Hackers are exploiting an 'unpatched' vulnerability in Windows 10
What's the story
If you are using a Windows 10 PC, better be careful while downloading anything from the internet. Microsoft - the maker of the OS - has warned that the platform carries a critical vulnerability, which is being actively exploited by hackers sending malicious files. Plus, there is no way to fix it at the moment, either. Here's all about it.
Issue
Previously undisclosed bug in all versions of Windows
Just recently, Microsoft detailed the flaw, noting that it exists in Windows' Adobe Type Manager Library, a DLL file used by apps to manage/render fonts from Adobe.
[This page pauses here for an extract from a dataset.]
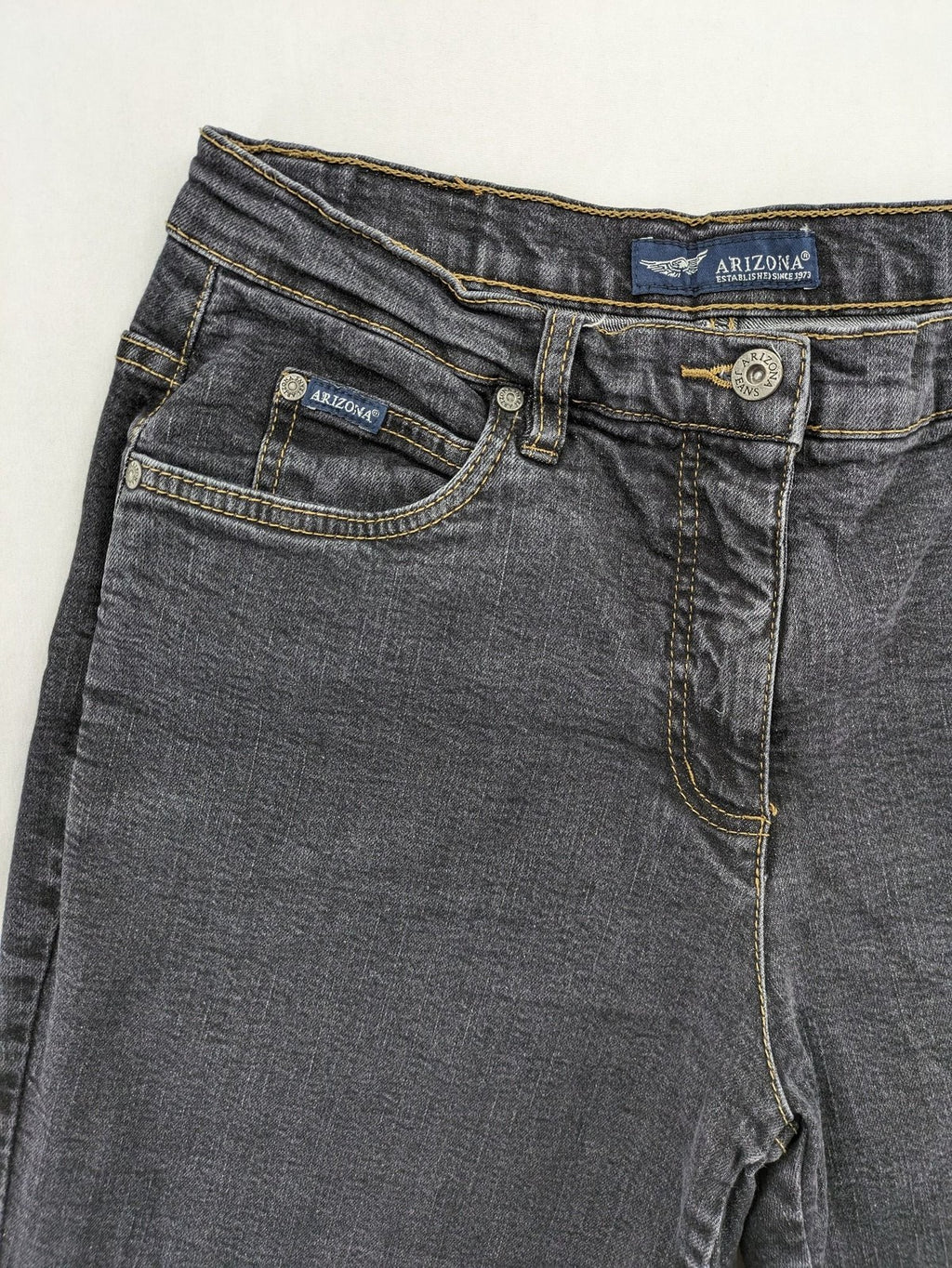 Bootcut grey low rise bootcut jeans five-pocket design with zipper and button closure.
The company denied providing specific details but deemed the issue as 'critical' while noting that it can be triggered by forcing Type Manager Library to improperly handle a specially-crafted font in the Adobe Type 1 PostScript format.
Exploit
Attack possible by tricking to open malicious documents
Microsoft noted that there are multiple ways to trigger improper handling of the font but the most common way is specially-crafted malicious files. Basically, the company said, a threat actor can trick you into downloading a compromised file, which, when opened or viewed in the Windows Preview Pane, can let the attacker run malware/ransomware on the targeted PC, steal data from it.
Exploit
Some hackers are already exploiting this bug
Even though the flaw in question was never disclosed before, some hackers are exploiting it to launch "limited, targeted attacks," Microsoft stated. The company didn't say who is carrying out the attack or how many people have been targeted but assured that a fix is being developed to plug the loophole and will be released as soon as possible.
Protection
In the meantime, here's what you can do for protection
Until the patch is issued, you can avoid being targeted by not downloading files from unreliable sites/sources. Secondly, you can also follow Microsoft's temporary workaround and disable the Preview and Details panes in Windows Explorer, which prevents the automatic display of OTF fonts in Windows Explorer. Simply put, this will prevent the viewing of malicious files, which leads to the attack.